How do you find something that doesn’t want to be found? This is the fundamental challenge when it comes to identifying data anomalies, particularly when tracking down instances of financial crime or market abuse. With cyberterrorism on the rise, concerns about global terrorist financing and increasing incidences of illegal trading activity, financial services firms (perhaps more than ever) need to leverage the power of automation to identify and stop issues in real-time.

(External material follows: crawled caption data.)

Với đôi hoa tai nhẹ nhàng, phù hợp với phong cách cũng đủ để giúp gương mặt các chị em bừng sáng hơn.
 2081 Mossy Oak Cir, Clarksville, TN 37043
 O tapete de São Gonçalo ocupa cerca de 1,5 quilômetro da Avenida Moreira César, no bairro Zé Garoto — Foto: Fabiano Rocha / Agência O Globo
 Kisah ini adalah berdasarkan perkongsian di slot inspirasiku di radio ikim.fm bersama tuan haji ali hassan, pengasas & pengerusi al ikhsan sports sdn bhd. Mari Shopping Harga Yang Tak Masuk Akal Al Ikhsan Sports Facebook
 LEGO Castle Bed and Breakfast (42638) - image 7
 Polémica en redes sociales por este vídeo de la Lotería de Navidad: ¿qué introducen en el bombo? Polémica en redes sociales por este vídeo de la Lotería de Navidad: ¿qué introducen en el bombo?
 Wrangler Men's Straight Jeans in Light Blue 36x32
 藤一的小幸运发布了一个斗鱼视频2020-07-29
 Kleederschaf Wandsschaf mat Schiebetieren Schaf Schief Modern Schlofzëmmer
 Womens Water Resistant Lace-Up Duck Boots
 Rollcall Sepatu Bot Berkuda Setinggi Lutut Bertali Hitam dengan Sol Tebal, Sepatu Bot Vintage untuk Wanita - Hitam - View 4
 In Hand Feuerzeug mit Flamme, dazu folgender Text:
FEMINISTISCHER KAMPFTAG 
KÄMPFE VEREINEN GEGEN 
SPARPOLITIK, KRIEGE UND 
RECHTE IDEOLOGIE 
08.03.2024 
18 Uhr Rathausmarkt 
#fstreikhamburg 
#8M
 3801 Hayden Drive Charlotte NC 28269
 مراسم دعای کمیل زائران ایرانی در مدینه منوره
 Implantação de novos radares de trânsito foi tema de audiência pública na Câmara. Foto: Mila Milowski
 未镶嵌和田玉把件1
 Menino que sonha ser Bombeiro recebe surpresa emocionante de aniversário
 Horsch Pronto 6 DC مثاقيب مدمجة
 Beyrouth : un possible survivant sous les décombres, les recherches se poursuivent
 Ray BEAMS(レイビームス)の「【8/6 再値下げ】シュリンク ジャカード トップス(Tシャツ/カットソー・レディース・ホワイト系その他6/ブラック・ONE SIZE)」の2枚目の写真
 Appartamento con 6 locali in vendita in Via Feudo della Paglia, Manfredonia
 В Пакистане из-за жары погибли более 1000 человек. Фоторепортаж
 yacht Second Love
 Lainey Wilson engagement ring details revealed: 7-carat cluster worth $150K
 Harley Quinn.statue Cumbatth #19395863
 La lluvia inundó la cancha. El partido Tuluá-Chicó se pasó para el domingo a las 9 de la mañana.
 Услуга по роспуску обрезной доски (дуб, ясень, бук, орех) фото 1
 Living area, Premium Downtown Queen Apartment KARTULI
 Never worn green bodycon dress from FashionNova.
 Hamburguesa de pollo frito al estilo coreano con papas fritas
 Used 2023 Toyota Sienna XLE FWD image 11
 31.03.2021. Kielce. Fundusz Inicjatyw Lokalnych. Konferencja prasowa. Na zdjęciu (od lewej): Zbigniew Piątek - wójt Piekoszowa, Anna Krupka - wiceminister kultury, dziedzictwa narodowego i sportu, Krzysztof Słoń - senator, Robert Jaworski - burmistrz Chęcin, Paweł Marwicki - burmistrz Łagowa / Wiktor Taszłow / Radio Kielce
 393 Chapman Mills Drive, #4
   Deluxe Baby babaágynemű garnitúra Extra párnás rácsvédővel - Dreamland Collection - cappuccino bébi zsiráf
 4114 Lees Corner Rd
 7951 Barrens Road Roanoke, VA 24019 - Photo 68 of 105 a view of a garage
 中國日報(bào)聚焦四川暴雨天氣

Money-laundering, in particular, continues to be a topic de-jur, with Aite Group estimating in a recent report that the Global AML Software Market will grow to $1.56 billion by 2019 and year-over-year spend consistently on the rise to meet the need for AML suspicious activity monitoring technology and profile solutions. As banks and financial institutions are held increasingly accountable for addressing financial crime or market abuse, they must overcome the challenge of defining a ‘behavioral anomaly’ in order to then detect it and act on it.

Defining the problem

Merely defining an anomaly is a challenge – what is it, and how can it be programmatically identified can be more difficult than it sounds. This requires significant expertise, human resources and time and cannot be scaled to cover scenarios across larger population domains. In addition, more data and more sophisticated applications bring levels of analytic complexity that are immensely intricate.

To find an anomaly, firms need a technological process capable of ‘learning’, adapting and defining the ever-changing shape of ‘normalcy’ in order to reliably detect an anomaly.  As the research shows, banks are increasingly using automation, or “automation with a human touch,” a term coined in 1988 by Toyota; to monitor for certain conditions and stop activity automatically or based on human intervention in real-time or near real time, when an anomaly is detected.

Technology must be capable of identifying the anomaly in the shape of normalcy and operate under the premise that what you seek does not want to be found.  This will only ever be feasible if it is able to autonomously acquire and integrate data across all structures, combining sources in order to build logical knowledge bases around the behavioral phenomena it identifies.

Suspicious activity reporting and reliable anomaly detection is a huge issue for tier one banks, regional banks and intermediaries alike and surveillance technology is critical to modern security programs. Next-generation surveillance tools can automatically weed out false positives by looking at each data element in relation to what is considered normal. This is extremely powerful when compared with behavioral analysis systems of the past.  Having the ability to detect true anomalies will allow compliance teams to more rapidly resolve issues and shore up controls so that the aberrant behavior does not persist.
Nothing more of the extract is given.